A misperception that afflicts us all is the fallacy that only big-ticket items, the likes of MMRCA and T-90 tanks, constitute defence manufacturing. An analysis will show that there are enough low-value (relatively) but high-volume items that can kick-start the “Make in India” effort; in fact, there may be many for which we have paid for the Transfer of Technology (ToT) but have forgotten about them, a la the 155mm Bofors artillery gun saga! Let realism govern our thinking, for, if the secretary, department of industrial policy and promotion says (as he did at the seminar) that of their total production HAL exports only 2 per cent, Bharat Electronics 3.5 per cent and ordnance factories only 0.19 per cent, while we import 70 per cent of our armament requirement, shouldn’t we be thinking of first becoming a defence manufacturer?

The answer to the problem lies in the comment of the second government official present at the seminar who rued that rules do not permit export licences! But who makes rules, if not the government? If any progress is to be made, just two basic administrative decisions are necessary—all else will follow. Firstly, ownership of defence indigenisation should be fixed, and secondly, the Defence Offsets Management Wing (DOMW) should be drastically reformed.

“Ownership” of the indigenisation process rests in a body that makes indigenisation policy and analyses whether it is being implemented. This entity, thus, becomes accountable; that’s where the ownership of the process should lie. Presently, is it the department of defence production or DG (acquisition) or is it the MoD as a whole? Can these behemoths be penalised when the rapid turnover of office-bearers is governed by promotion policies of sequential appointments—“aaya ram, gaya ram” to use a political jargon? The fact that severe censure from innumerable Parliamentary Committees on Defence has not derailed any bureaucrat’s career is proof that no one has ownership. Thus, one marks one’s year or two in the MoD, pushes files and moves on—indigenisation stays where it is, and so does the nation.

What happens elsewhere? In the US, there is a Defence Acquisition University that was born from the ills of what their defence historian William Gregory described as the acquisition system being one that had been “managed and over-reformed into impotence with volumes of oversight regulations”. He observed that their Congress had been pursuing an impossible dream by trying to legislate perfection when “no regulation could create good management or top-notch people”. The result was the setting up of a permanent Defence Acquisition Corps that ensures continuity “from cradle to grave” of a project.
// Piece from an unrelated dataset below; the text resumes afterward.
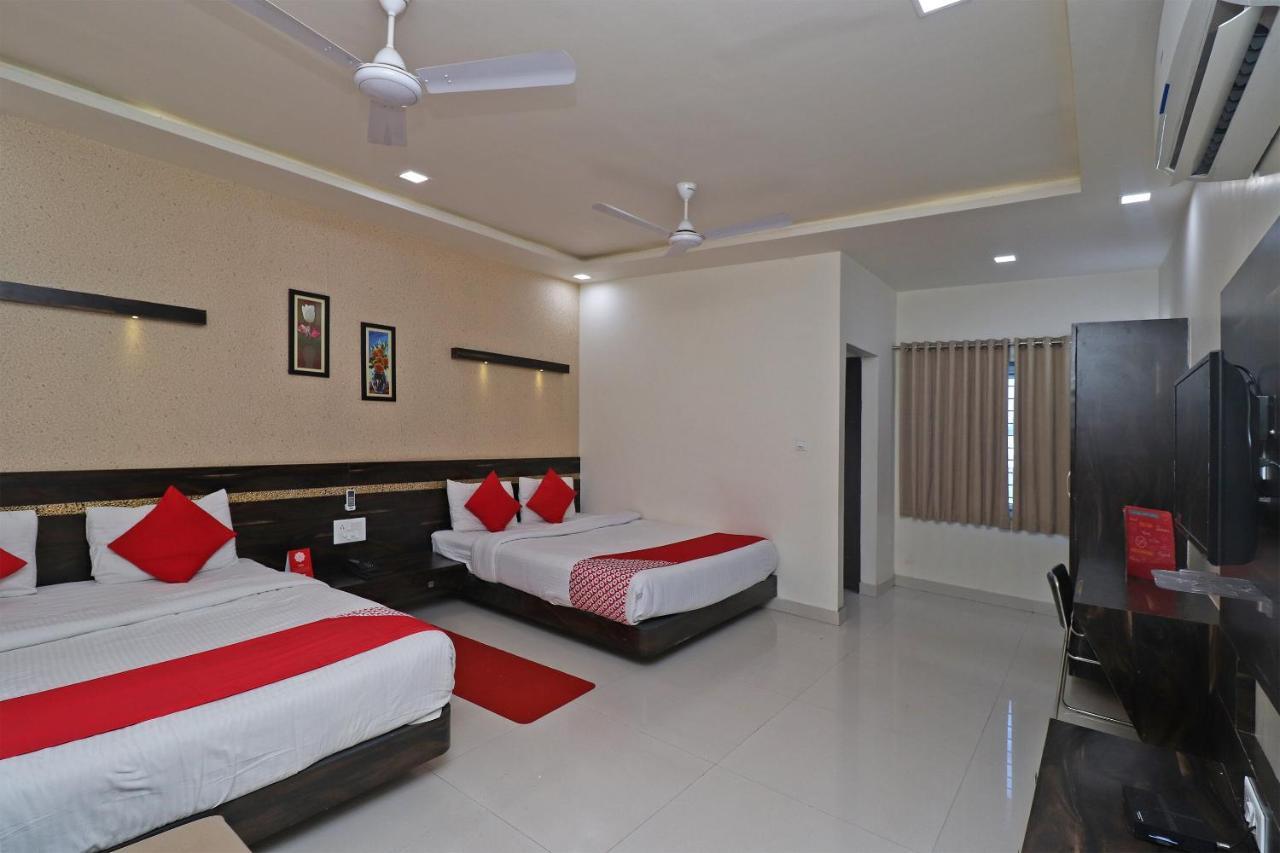 Oyo 29012 Gayatri Palace Hotel Durg Luaran gambar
In UK, their MoD has an integral civil services permanent cadre that follows through to ensure continuity. So, what should India do? As a start, create an empowered body and post quasi-decision takers (joint secretary-level officers) of ALL ministries concerned (taxation, excise, industrial production et al) under one roof and under one boss. Call him/her DG Defence Indigenisation or whatever, but ownership has to rest there—it would be his/her success or failure. They should have a fixed tenure of four-five years (not less) and it should be clear to them that indigenisation results would determine further career progression. As a parallel, the government should fast-track defence acquisition training at the soon-to-be set-up National Defence University to produce acquisition professionals.
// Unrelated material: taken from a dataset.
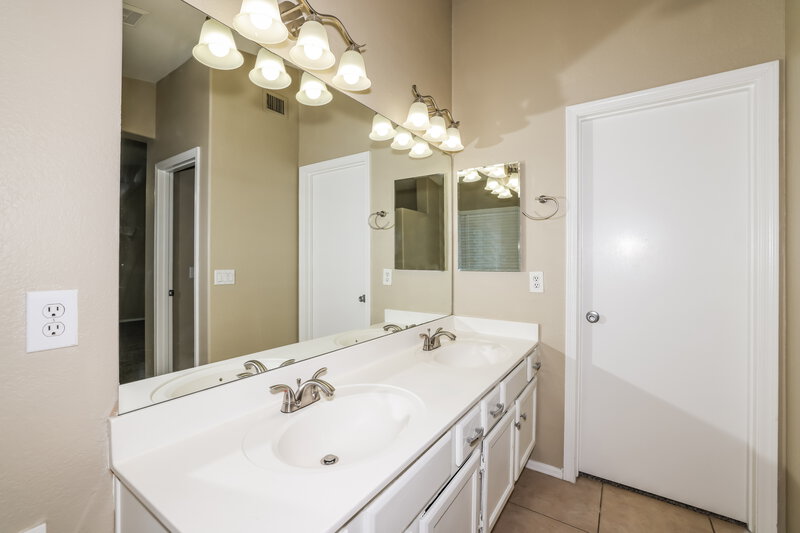 2,135/Mo, 7766 W Sierra Vista Dr Glendale, AZ 85303 Main Bathroom View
It will be at least a decade, despite all the honest efforts of this government, before any semblance of a defence manufacturing base is visible on ground. Till then, India will continue to import heavily and herein comes the second recommendation. It is vital that the DOMW squeezes technology worth every cent of the USD 100 billion-130 billion of defence offsets that are expected to flow, and for which we have paid dearly. But, one has to be an eternal optimist to believe that just the 10 personnel (also with limited tenures), who presently constitute DOMW, can deliver! If we do not radically reform DOMW now and make it, first potent and then accountable, the seminars will continue to be what they are now—just good “time pass, with a sumptuous meal thrown in”.